> **What is needed**
If the records below hold pictures, omit them, and print exactly the lines from the first line through the line containing "Satco 40W Equivalent", inclusive.

> **Exercise inputs**
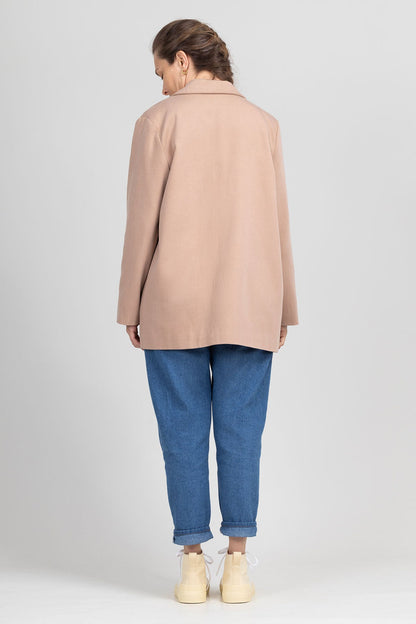 I am ROSE - Oversized Double - Breasted Blazer Pattern - I AM PATTERNS - Simplifi Fabric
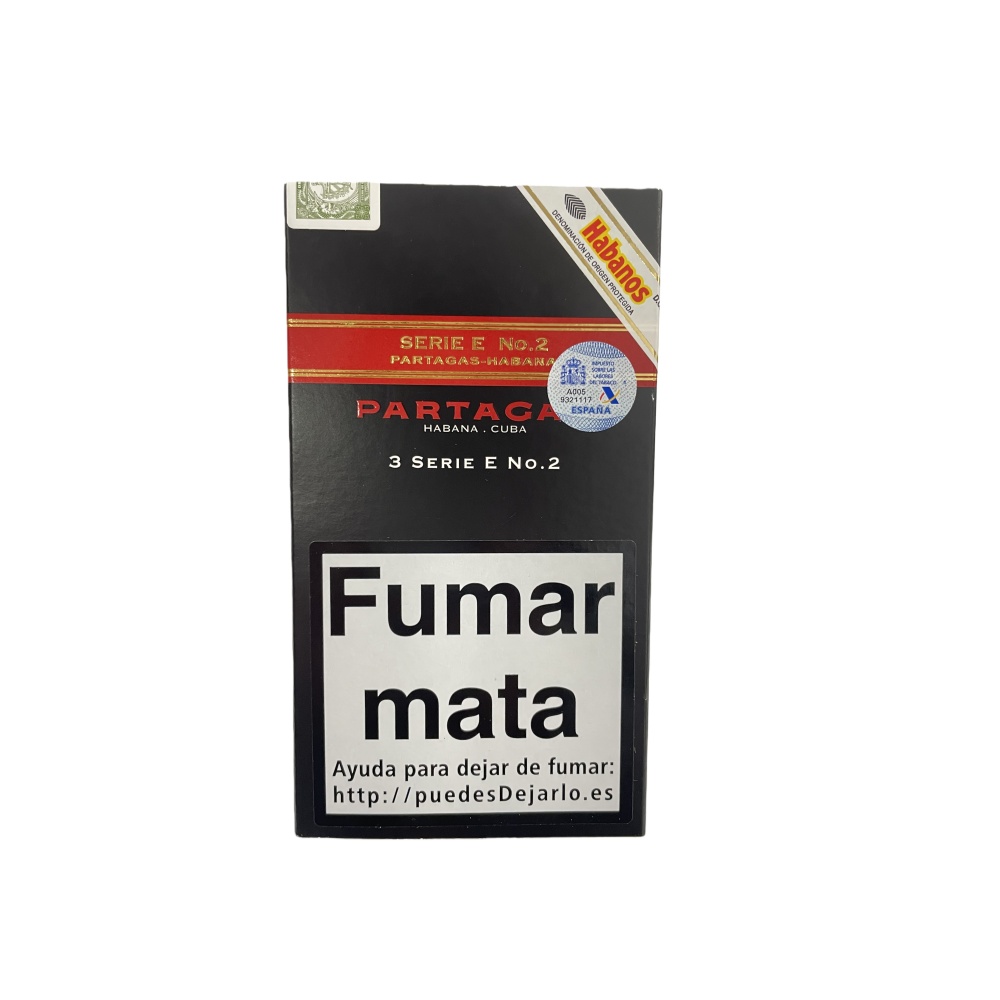 PARTAGAS SERIE E No.2 3s TUBOS 帕特加斯 E2号 纸盒铝管 3支/盒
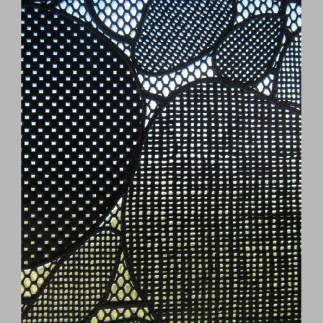 Lineafix statische raamfolie design gravel Cornwall Black breedte 46 cm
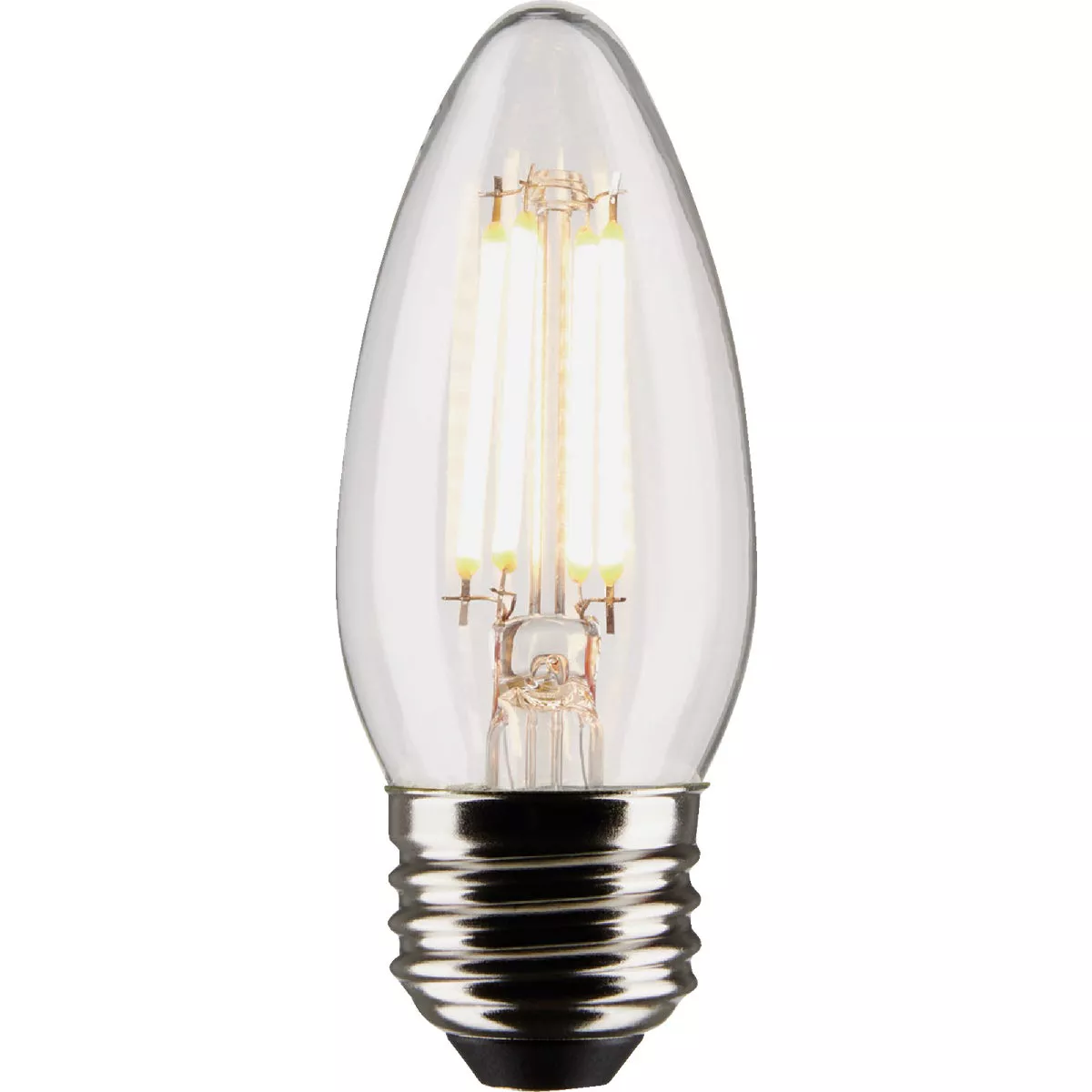 Satco 40W Equivalent Warm White B11 Medium Traditional LED Decorative Light Bulb (2-Pack) - photo 4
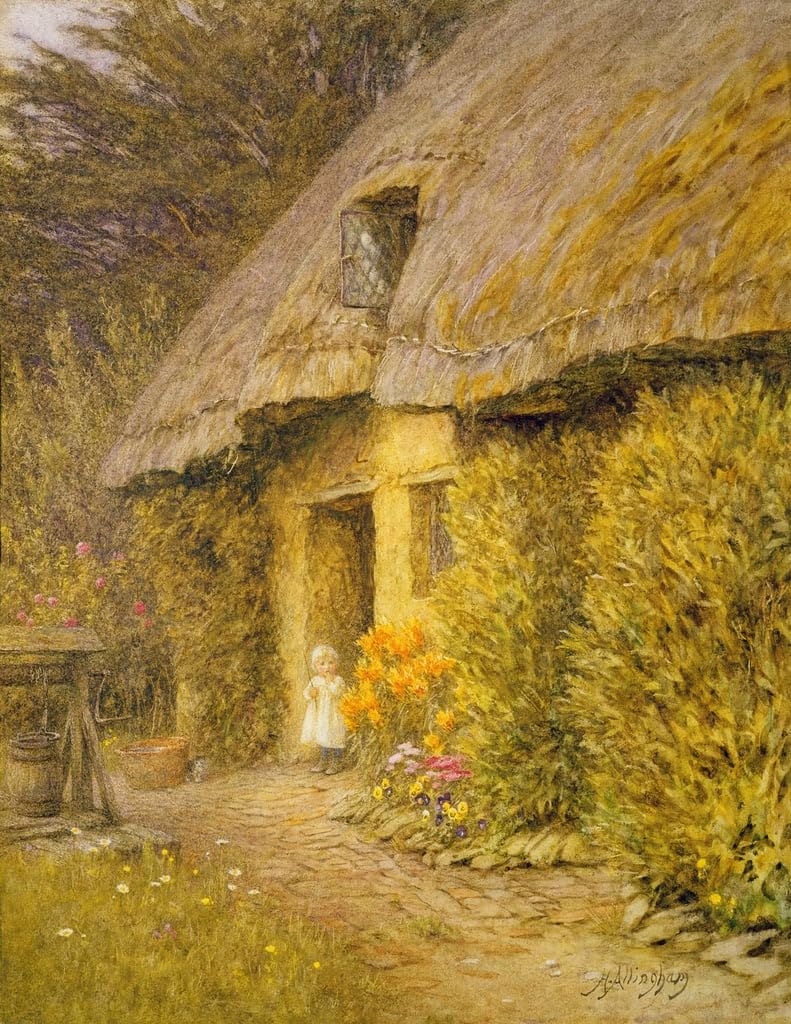 Affiche impression toile Helen Allingham décoration murale salon 60x90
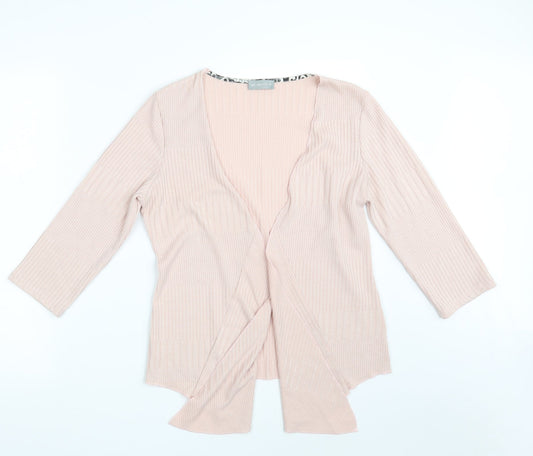 Per Una Womens Pink V-Neck  Polyester Wrap Jumper Size 14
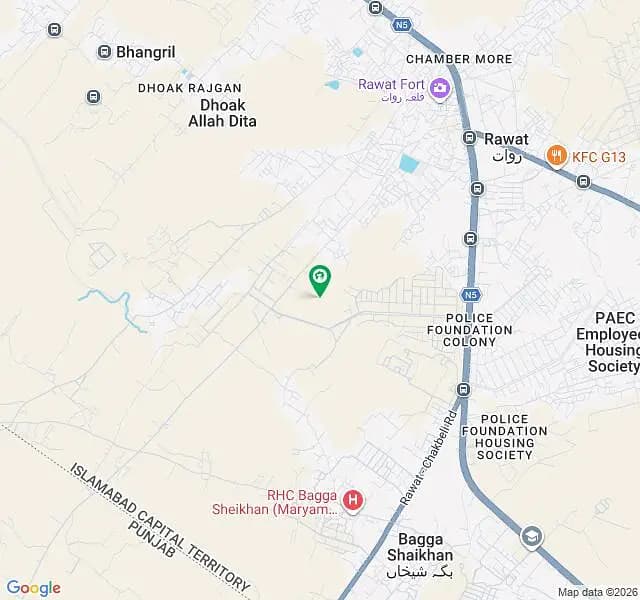 One kanal plot DHA Phase 3 Sec J Road 2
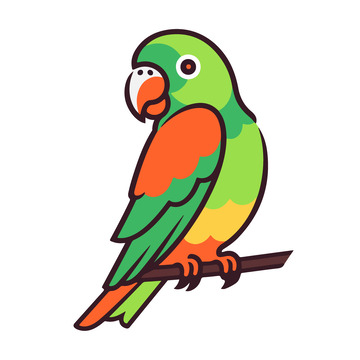 鹦鹉矢量插画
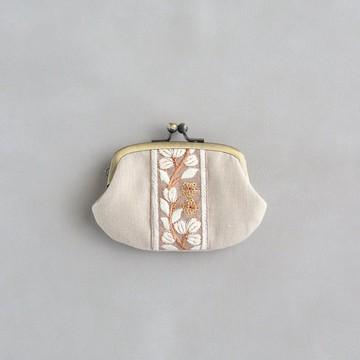 印度刺繡絲帶迷你口金包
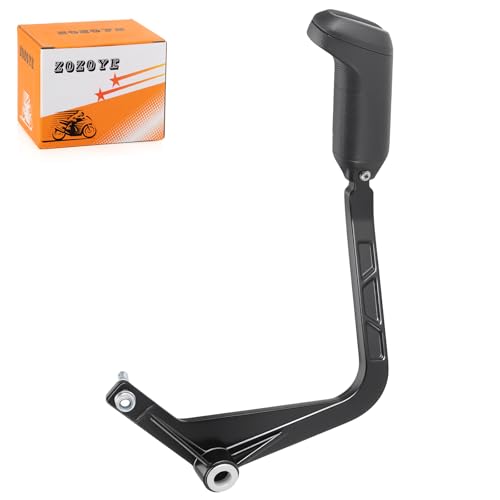 Image of Shift Lever Cast Matte Black & Knob Kit for Polaris Ranger 1000 Crew XP PRO XD 2018-2025 5639439-458 5634266-458 5633821-458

> **Solution to this problem**
 I am ROSE - Oversized Double - Breasted Blazer Pattern - I AM PATTERNS - Simplifi Fabric
 PARTAGAS SERIE E No.2 3s TUBOS 帕特加斯 E2号 纸盒铝管 3支/盒
 Lineafix statische raamfolie design gravel Cornwall Black breedte 46 cm
 Satco 40W Equivalent Warm White B11 Medium Traditional LED Decorative Light Bulb (2-Pack) - photo 4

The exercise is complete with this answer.